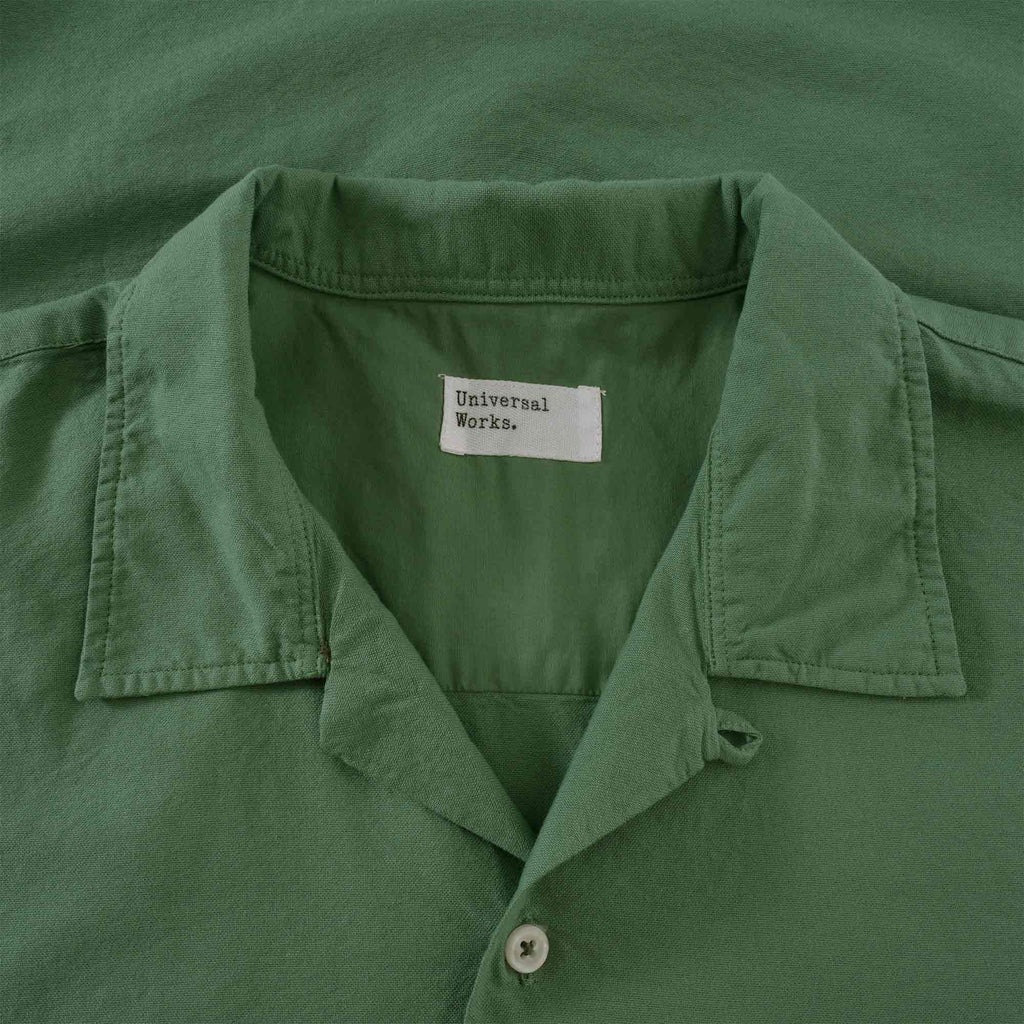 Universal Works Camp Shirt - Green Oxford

==

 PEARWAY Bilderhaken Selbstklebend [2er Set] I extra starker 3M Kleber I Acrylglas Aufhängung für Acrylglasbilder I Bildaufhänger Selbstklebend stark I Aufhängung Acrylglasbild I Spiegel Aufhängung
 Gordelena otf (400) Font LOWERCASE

--

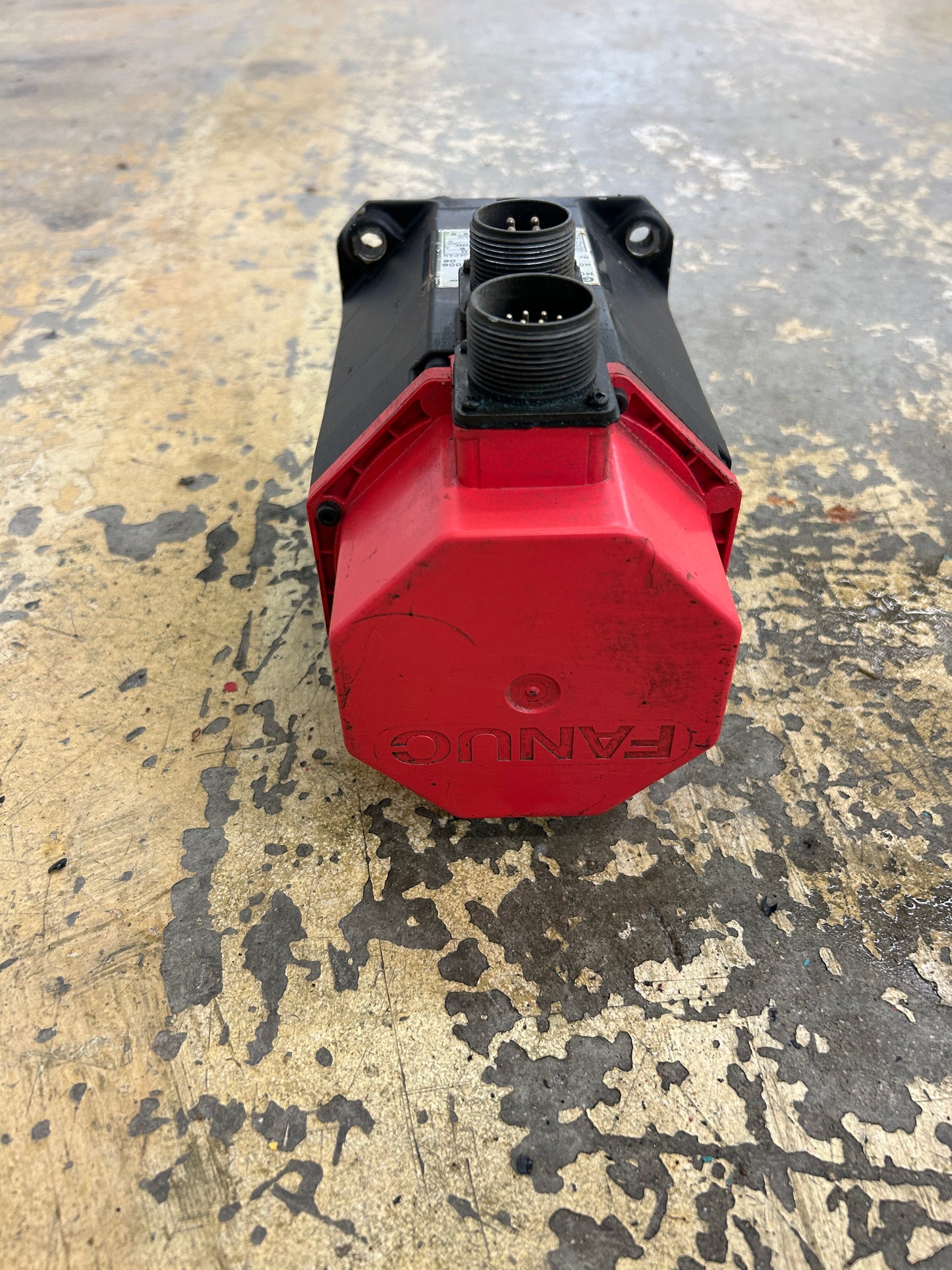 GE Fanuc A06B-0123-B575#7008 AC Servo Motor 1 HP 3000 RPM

### Problem description
Produce a word-for-word copy of everything above from the line holding "PEARWAY Bilderhaken Selbstklebend" down to the line holding "Gordelena otf (400) Font LOWERCASE", with both of those lines kept.

### Exercise result
 PEARWAY Bilderhaken Selbstklebend [2er Set] I extra starker 3M Kleber I Acrylglas Aufhängung für Acrylglasbilder I Bildaufhänger Selbstklebend stark I Aufhängung Acrylglasbild I Spiegel Aufhängung
 Gordelena otf (400) Font LOWERCASE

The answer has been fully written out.